# T-Bone Bed Extender



## backlashed (Mar 19, 2011)

I saw this kayak hauling accessory on Rob Aldermans Outer Banks Kayak Fishing Page. I've ordered one, it looks like a good solution for hauling my longer kayaks locally. I'm wondering if I can launch right from the truck.

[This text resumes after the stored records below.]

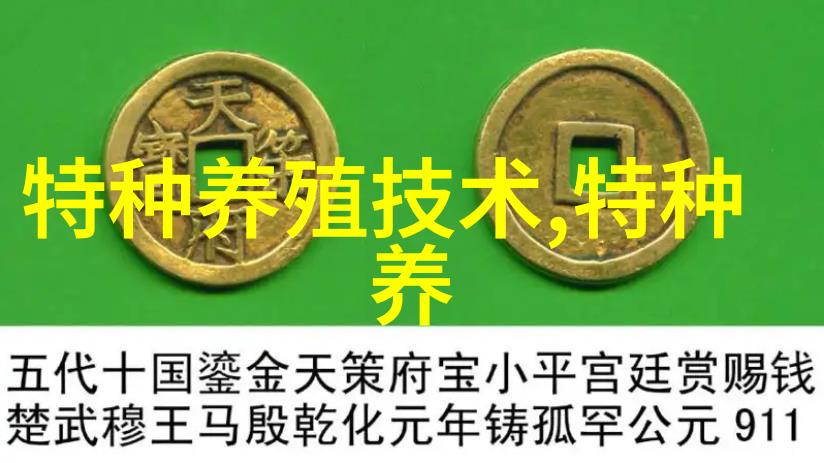 饲养晚秋蚕要点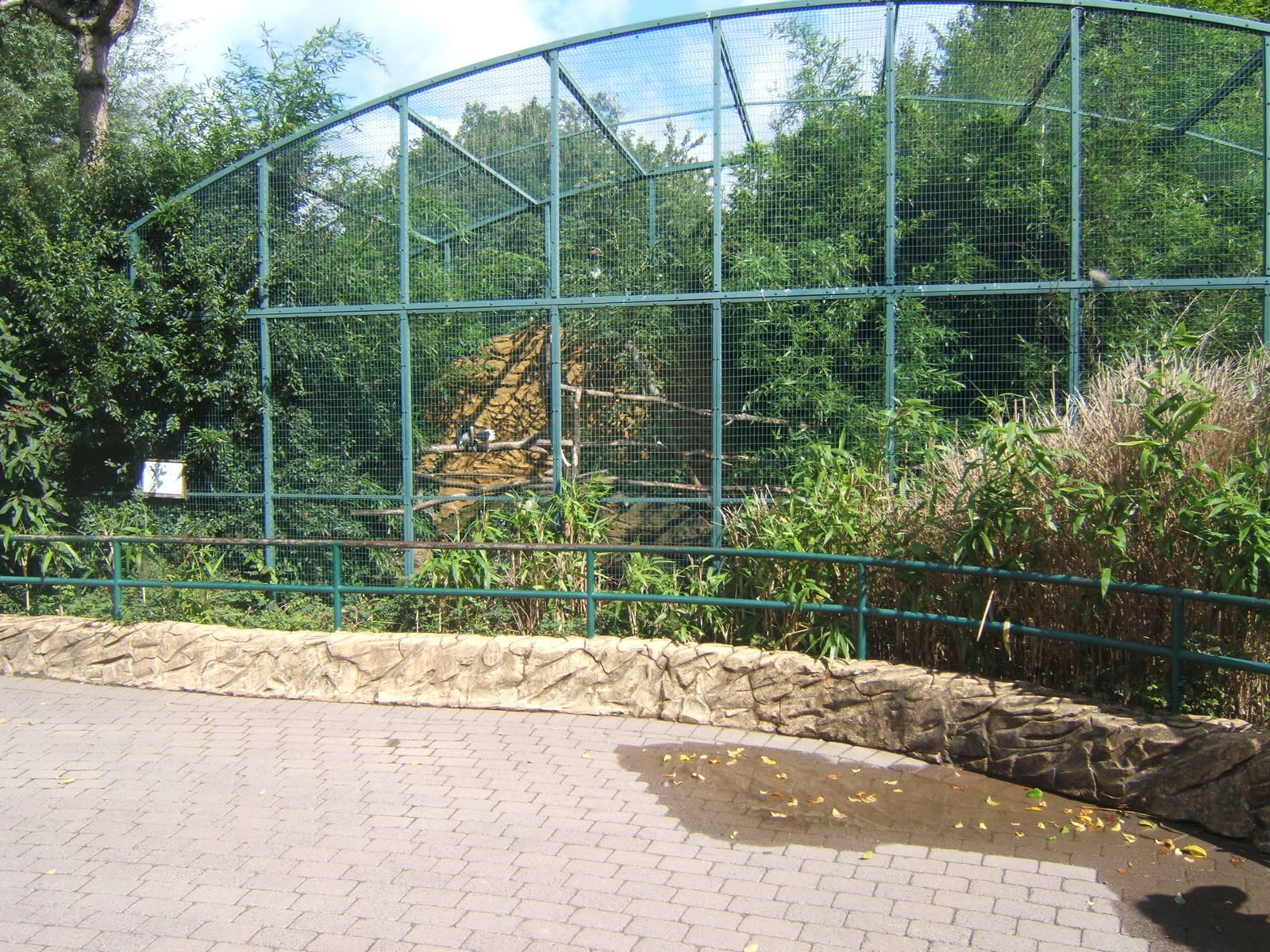 Trumpter Hornbill Aviary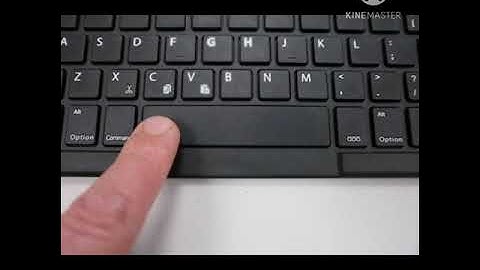 Std : 2. Sub : Computer. Ls.No 4. The keyboard and the mouse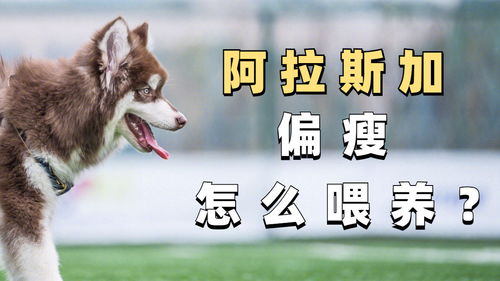 阿拉斯加狗粮推荐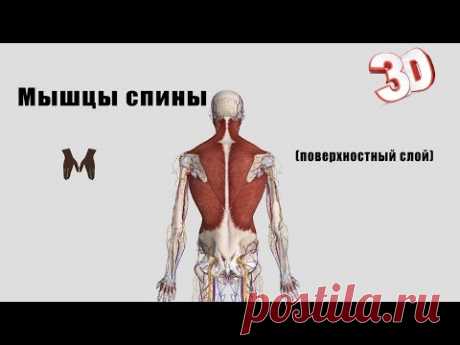 Поверхностные мышцы спины - детальный обзор 3д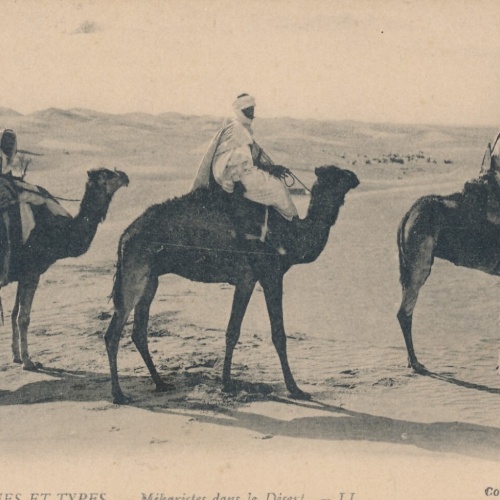 AK aus Algerien Scenes et Types mit Kamel Afrika (7771)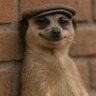 Tosin's profile picture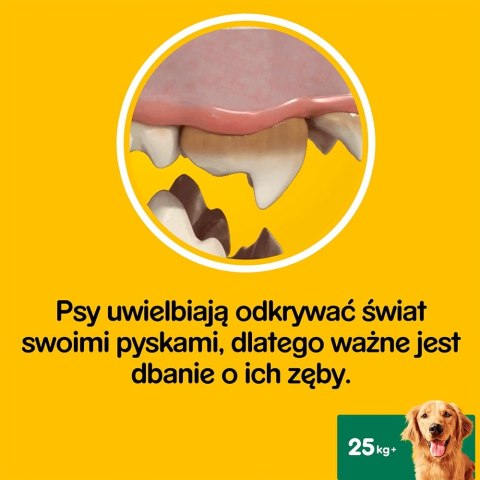 PEDIGREE DENTASTIx DUŻE RASY (25KG+) 8x270G PEDIGREE DENTASTIx DUŻE RASY (25KG+) 8x270G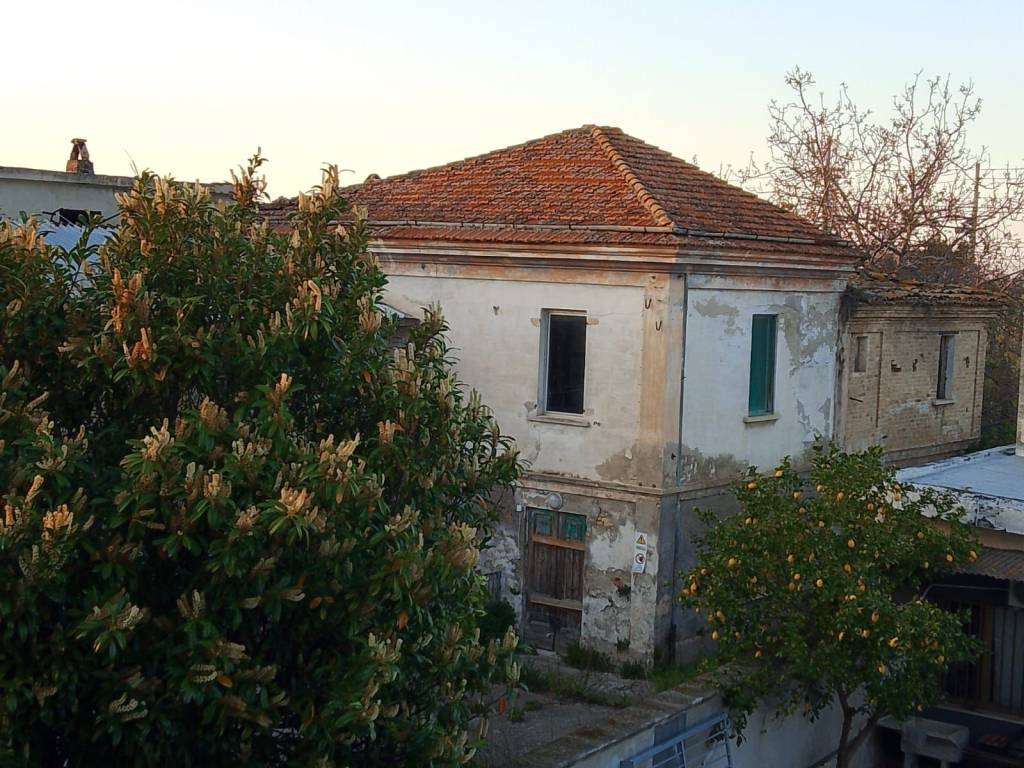 immagine annuncio 2 di 4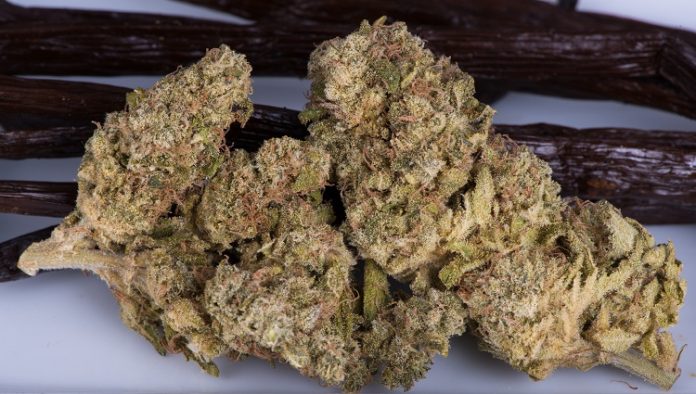 Vanilla,Kush,Cannabis,Displayed,On,A,Table,Closeup,Next,To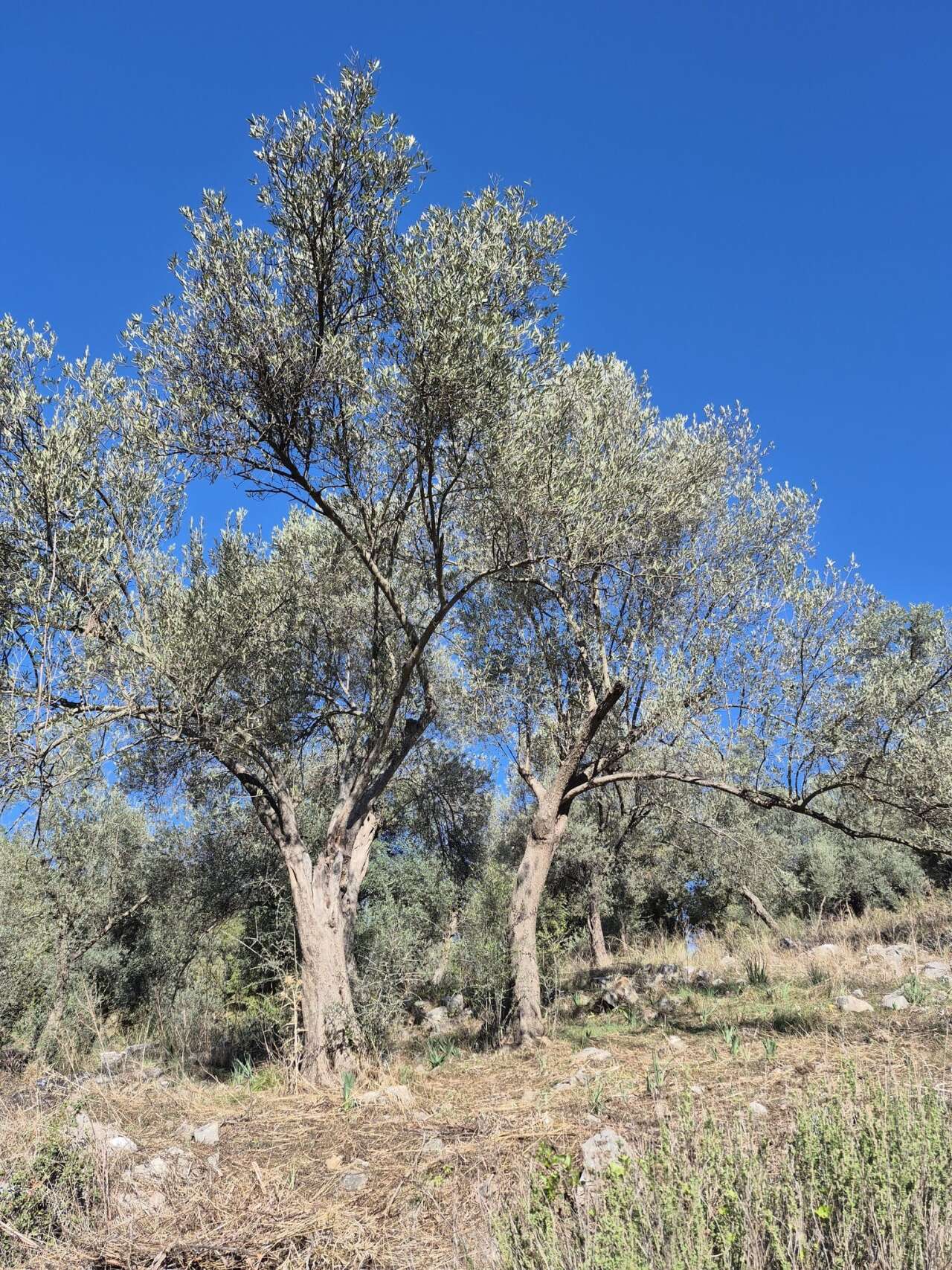 Muğla’da Belediye Zeytinleri 20 Kasım’da İhalede 1
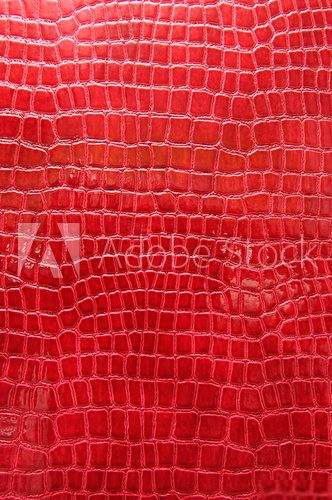 Red crocodile leather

It's available at Appomattox River Company or at Hook1


----------



## Yakkin4bass (Oct 28, 2013)

Yes! Those look awesome man! I've been wanting one for a while but the only yak I have now is the coosa. Gonna get one of those if I ever get that big rig I keep talking about. Nice that they are aluminum so no rust.


----------



## Boostedawdfun (Sep 15, 2012)

I have this one I ordered from Amazon for $80 shipped. They do help with long loads in short beds.


----------



## Niceman (Aug 1, 2005)

I have the same one as Boostedawdfun. Love it when I'm fishing near my house. Quick and easy to use.


----------



## erieflyguy (Dec 6, 2007)

How do you like those J Cradles on the roof rack?


----------



## Boostedawdfun (Sep 15, 2012)

It's actually a Swiss cargo 3 in 1. Folds flat for one kayak or put up the divider and put 2 on it. $150 at dicks


----------



## jonzun (Jun 11, 2004)

Found this one on Harbor Freight.com. $69.99

http://www.harborfreight.com/automotive-motorcycle/cargo/truck-bed-extender-69650.html

JONZUN


----------